=== What this task involves ===
The lines that make up this material should each be returned exactly.

=== Material for this task ===

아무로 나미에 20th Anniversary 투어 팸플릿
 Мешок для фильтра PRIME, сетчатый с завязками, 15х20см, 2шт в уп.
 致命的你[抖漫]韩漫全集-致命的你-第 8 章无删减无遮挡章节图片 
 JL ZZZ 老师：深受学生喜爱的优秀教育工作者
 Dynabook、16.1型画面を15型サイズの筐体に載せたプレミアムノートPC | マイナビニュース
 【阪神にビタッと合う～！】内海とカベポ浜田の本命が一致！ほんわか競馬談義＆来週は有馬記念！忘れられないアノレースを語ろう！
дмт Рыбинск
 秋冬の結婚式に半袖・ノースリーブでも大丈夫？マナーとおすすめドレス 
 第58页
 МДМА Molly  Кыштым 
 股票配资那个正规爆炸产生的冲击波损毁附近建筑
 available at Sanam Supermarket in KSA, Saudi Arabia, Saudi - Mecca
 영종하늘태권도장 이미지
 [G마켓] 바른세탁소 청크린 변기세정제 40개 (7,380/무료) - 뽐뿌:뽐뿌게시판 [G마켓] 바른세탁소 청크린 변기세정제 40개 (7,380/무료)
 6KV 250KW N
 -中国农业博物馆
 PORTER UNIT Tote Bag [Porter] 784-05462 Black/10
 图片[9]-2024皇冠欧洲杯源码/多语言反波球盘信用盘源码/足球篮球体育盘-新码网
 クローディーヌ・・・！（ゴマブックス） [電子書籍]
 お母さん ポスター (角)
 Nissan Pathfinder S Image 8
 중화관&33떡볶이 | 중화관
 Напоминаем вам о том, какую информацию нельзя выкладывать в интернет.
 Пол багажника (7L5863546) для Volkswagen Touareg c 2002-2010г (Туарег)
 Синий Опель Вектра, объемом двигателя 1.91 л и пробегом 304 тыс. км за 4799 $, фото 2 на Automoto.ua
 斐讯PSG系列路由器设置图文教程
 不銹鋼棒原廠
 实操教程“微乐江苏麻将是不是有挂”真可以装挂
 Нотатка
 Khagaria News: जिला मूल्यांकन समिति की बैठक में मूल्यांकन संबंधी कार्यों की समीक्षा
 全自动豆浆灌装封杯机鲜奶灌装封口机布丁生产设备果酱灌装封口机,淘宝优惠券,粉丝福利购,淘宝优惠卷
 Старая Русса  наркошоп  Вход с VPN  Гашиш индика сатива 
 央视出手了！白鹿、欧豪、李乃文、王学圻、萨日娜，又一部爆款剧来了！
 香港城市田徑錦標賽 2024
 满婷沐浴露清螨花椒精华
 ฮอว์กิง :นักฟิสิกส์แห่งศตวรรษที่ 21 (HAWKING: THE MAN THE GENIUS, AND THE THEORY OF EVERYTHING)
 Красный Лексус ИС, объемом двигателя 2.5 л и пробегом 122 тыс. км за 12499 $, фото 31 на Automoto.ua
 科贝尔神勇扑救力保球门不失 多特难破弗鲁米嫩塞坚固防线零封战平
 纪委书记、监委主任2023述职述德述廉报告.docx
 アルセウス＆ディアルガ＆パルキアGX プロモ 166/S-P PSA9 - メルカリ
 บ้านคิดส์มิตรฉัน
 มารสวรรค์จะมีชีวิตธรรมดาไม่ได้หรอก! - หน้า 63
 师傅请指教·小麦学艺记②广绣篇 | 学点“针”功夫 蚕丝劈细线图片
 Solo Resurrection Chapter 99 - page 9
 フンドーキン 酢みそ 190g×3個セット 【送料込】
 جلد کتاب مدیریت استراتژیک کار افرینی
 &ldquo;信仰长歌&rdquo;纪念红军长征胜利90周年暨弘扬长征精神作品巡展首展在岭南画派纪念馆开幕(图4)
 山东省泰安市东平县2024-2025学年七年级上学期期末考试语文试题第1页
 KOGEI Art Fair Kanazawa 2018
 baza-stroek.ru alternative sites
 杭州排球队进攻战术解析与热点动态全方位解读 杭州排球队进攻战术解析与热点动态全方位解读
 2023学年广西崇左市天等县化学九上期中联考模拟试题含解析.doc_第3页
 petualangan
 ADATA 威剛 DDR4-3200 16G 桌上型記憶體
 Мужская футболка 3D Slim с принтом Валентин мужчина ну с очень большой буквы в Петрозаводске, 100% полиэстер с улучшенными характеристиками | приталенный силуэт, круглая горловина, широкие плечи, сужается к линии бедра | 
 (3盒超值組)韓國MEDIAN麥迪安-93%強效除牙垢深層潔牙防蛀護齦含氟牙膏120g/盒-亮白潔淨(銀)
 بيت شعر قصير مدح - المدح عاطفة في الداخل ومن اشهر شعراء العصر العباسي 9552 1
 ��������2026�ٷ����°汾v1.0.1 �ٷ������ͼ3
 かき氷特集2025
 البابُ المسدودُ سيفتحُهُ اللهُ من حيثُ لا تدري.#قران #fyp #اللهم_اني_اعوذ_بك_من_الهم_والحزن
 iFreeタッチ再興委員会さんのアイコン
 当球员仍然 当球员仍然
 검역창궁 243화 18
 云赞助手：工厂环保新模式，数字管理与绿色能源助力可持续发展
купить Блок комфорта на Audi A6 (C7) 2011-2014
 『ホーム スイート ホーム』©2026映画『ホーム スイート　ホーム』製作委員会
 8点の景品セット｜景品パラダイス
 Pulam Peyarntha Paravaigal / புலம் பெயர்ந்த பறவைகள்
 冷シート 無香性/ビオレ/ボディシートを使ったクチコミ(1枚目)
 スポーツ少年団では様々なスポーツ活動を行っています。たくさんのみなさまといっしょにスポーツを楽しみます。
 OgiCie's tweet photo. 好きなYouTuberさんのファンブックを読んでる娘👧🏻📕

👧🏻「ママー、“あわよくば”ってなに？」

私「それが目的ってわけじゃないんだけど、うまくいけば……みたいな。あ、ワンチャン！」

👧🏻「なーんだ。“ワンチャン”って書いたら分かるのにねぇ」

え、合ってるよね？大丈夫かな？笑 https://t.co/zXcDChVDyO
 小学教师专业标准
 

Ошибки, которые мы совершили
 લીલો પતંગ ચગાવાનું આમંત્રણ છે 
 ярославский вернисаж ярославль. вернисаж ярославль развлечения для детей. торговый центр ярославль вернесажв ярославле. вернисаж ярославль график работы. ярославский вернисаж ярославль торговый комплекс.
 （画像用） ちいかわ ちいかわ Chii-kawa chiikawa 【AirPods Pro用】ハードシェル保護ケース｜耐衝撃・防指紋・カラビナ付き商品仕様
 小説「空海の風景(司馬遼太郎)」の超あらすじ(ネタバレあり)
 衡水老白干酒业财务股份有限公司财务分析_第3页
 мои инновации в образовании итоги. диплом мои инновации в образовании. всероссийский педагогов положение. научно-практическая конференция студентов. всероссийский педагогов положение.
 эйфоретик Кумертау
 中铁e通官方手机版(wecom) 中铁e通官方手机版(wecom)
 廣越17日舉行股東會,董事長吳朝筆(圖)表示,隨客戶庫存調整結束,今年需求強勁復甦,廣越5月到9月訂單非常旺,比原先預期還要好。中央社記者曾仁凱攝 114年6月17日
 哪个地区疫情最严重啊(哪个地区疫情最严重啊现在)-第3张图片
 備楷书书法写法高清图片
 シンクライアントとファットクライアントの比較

=== Answer section ===
아무로 나미에 20th Anniversary 투어 팸플릿
 Мешок для фильтра PRIME, сетчатый с завязками, 15х20см, 2шт в уп.
 致命的你[抖漫]韩漫全集-致命的你-第 8 章无删减无遮挡章节图片 
 JL ZZZ 老师：深受学生喜爱的优秀教育工作者
 Dynabook、16.1型画面を15型サイズの筐体に載せたプレミアムノートPC | マイナビニュース
 【阪神にビタッと合う～！】内海とカベポ浜田の本命が一致！ほんわか競馬談義＆来週は有馬記念！忘れられないアノレースを語ろう！
дмт Рыбинск
 秋冬の結婚式に半袖・ノースリーブでも大丈夫？マナーとおすすめドレス 
 第58页
 МДМА Molly  Кыштым 
 股票配资那个正规爆炸产生的冲击波损毁附近建筑
 available at Sanam Supermarket in KSA, Saudi Arabia, Saudi - Mecca
 영종하늘태권도장 이미지
 [G마켓] 바른세탁소 청크린 변기세정제 40개 (7,380/무료) - 뽐뿌:뽐뿌게시판 [G마켓] 바른세탁소 청크린 변기세정제 40개 (7,380/무료)
 6KV 250KW N
 -中国农业博物馆
 PORTER UNIT Tote Bag [Porter] 784-05462 Black/10
 图片[9]-2024皇冠欧洲杯源码/多语言反波球盘信用盘源码/足球篮球体育盘-新码网
 クローディーヌ・・・！（ゴマブックス） [電子書籍]
 お母さん ポスター (角)
 Nissan Pathfinder S Image 8
 중화관&33떡볶이 | 중화관
 Напоминаем вам о том, какую информацию нельзя выкладывать в интернет.
 Пол багажника (7L5863546) для Volkswagen Touareg c 2002-2010г (Туарег)
 Синий Опель Вектра, объемом двигателя 1.91 л и пробегом 304 тыс. км за 4799 $, фото 2 на Automoto.ua
 斐讯PSG系列路由器设置图文教程
 不銹鋼棒原廠
 实操教程“微乐江苏麻将是不是有挂”真可以装挂
 Нотатка
 Khagaria News: जिला मूल्यांकन समिति की बैठक में मूल्यांकन संबंधी कार्यों की समीक्षा
 全自动豆浆灌装封杯机鲜奶灌装封口机布丁生产设备果酱灌装封口机,淘宝优惠券,粉丝福利购,淘宝优惠卷
 Старая Русса  наркошоп  Вход с VPN  Гашиш индика сатива 
 央视出手了！白鹿、欧豪、李乃文、王学圻、萨日娜，又一部爆款剧来了！
 香港城市田徑錦標賽 2024
 满婷沐浴露清螨花椒精华
 ฮอว์กิง :นักฟิสิกส์แห่งศตวรรษที่ 21 (HAWKING: THE MAN THE GENIUS, AND THE THEORY OF EVERYTHING)
 Красный Лексус ИС, объемом двигателя 2.5 л и пробегом 122 тыс. км за 12499 $, фото 31 на Automoto.ua
 科贝尔神勇扑救力保球门不失 多特难破弗鲁米嫩塞坚固防线零封战平
 纪委书记、监委主任2023述职述德述廉报告.docx
 アルセウス＆ディアルガ＆パルキアGX プロモ 166/S-P PSA9 - メルカリ
 บ้านคิดส์มิตรฉัน
 มารสวรรค์จะมีชีวิตธรรมดาไม่ได้หรอก! - หน้า 63
 师傅请指教·小麦学艺记②广绣篇 | 学点“针”功夫 蚕丝劈细线图片
 Solo Resurrection Chapter 99 - page 9
 フンドーキン 酢みそ 190g×3個セット 【送料込】
 جلد کتاب مدیریت استراتژیک کار افرینی
 &ldquo;信仰长歌&rdquo;纪念红军长征胜利90周年暨弘扬长征精神作品巡展首展在岭南画派纪念馆开幕(图4)
 山东省泰安市东平县2024-2025学年七年级上学期期末考试语文试题第1页
 KOGEI Art Fair Kanazawa 2018
 baza-stroek.ru alternative sites
 杭州排球队进攻战术解析与热点动态全方位解读 杭州排球队进攻战术解析与热点动态全方位解读
 2023学年广西崇左市天等县化学九上期中联考模拟试题含解析.doc_第3页
 petualangan
 ADATA 威剛 DDR4-3200 16G 桌上型記憶體
 Мужская футболка 3D Slim с принтом Валентин мужчина ну с очень большой буквы в Петрозаводске, 100% полиэстер с улучшенными характеристиками | приталенный силуэт, круглая горловина, широкие плечи, сужается к линии бедра | 
 (3盒超值組)韓國MEDIAN麥迪安-93%強效除牙垢深層潔牙防蛀護齦含氟牙膏120g/盒-亮白潔淨(銀)
 بيت شعر قصير مدح - المدح عاطفة في الداخل ومن اشهر شعراء العصر العباسي 9552 1
 ��������2026�ٷ����°汾v1.0.1 �ٷ������ͼ3
 かき氷特集2025
 البابُ المسدودُ سيفتحُهُ اللهُ من حيثُ لا تدري.#قران #fyp #اللهم_اني_اعوذ_بك_من_الهم_والحزن
 iFreeタッチ再興委員会さんのアイコン
 当球员仍然 当球员仍然
 검역창궁 243화 18
 云赞助手：工厂环保新模式，数字管理与绿色能源助力可持续发展
купить Блок комфорта на Audi A6 (C7) 2011-2014
 『ホーム スイート ホーム』©2026映画『ホーム スイート　ホーム』製作委員会
 8点の景品セット｜景品パラダイス
 Pulam Peyarntha Paravaigal / புலம் பெயர்ந்த பறவைகள்
 冷シート 無香性/ビオレ/ボディシートを使ったクチコミ(1枚目)
 スポーツ少年団では様々なスポーツ活動を行っています。たくさんのみなさまといっしょにスポーツを楽しみます。
 OgiCie's tweet photo. 好きなYouTuberさんのファンブックを読んでる娘👧🏻📕

👧🏻「ママー、“あわよくば”ってなに？」

私「それが目的ってわけじゃないんだけど、うまくいけば……みたいな。あ、ワンチャン！」

👧🏻「なーんだ。“ワンチャン”って書いたら分かるのにねぇ」

え、合ってるよね？大丈夫かな？笑 https://t.co/zXcDChVDyO
 小学教师专业标准
 

Ошибки, которые мы совершили
 લીલો પતંગ ચગાવાનું આમંત્રણ છે 
 ярославский вернисаж ярославль. вернисаж ярославль развлечения для детей. торговый центр ярославль вернесажв ярославле. вернисаж ярославль график работы. ярославский вернисаж ярославль торговый комплекс.
 （画像用） ちいかわ ちいかわ Chii-kawa chiikawa 【AirPods Pro用】ハードシェル保護ケース｜耐衝撃・防指紋・カラビナ付き商品仕様
 小説「空海の風景(司馬遼太郎)」の超あらすじ(ネタバレあり)
 衡水老白干酒业财务股份有限公司财务分析_第3页
 мои инновации в образовании итоги. диплом мои инновации в образовании. всероссийский педагогов положение. научно-практическая конференция студентов. всероссийский педагогов положение.
 эйфоретик Кумертау
 中铁e通官方手机版(wecom) 中铁e通官方手机版(wecom)
 廣越17日舉行股東會,董事長吳朝筆(圖)表示,隨客戶庫存調整結束,今年需求強勁復甦,廣越5月到9月訂單非常旺,比原先預期還要好。中央社記者曾仁凱攝 114年6月17日
 哪个地区疫情最严重啊(哪个地区疫情最严重啊现在)-第3张图片
 備楷书书法写法高清图片
 シンクライアントとファットクライアントの比較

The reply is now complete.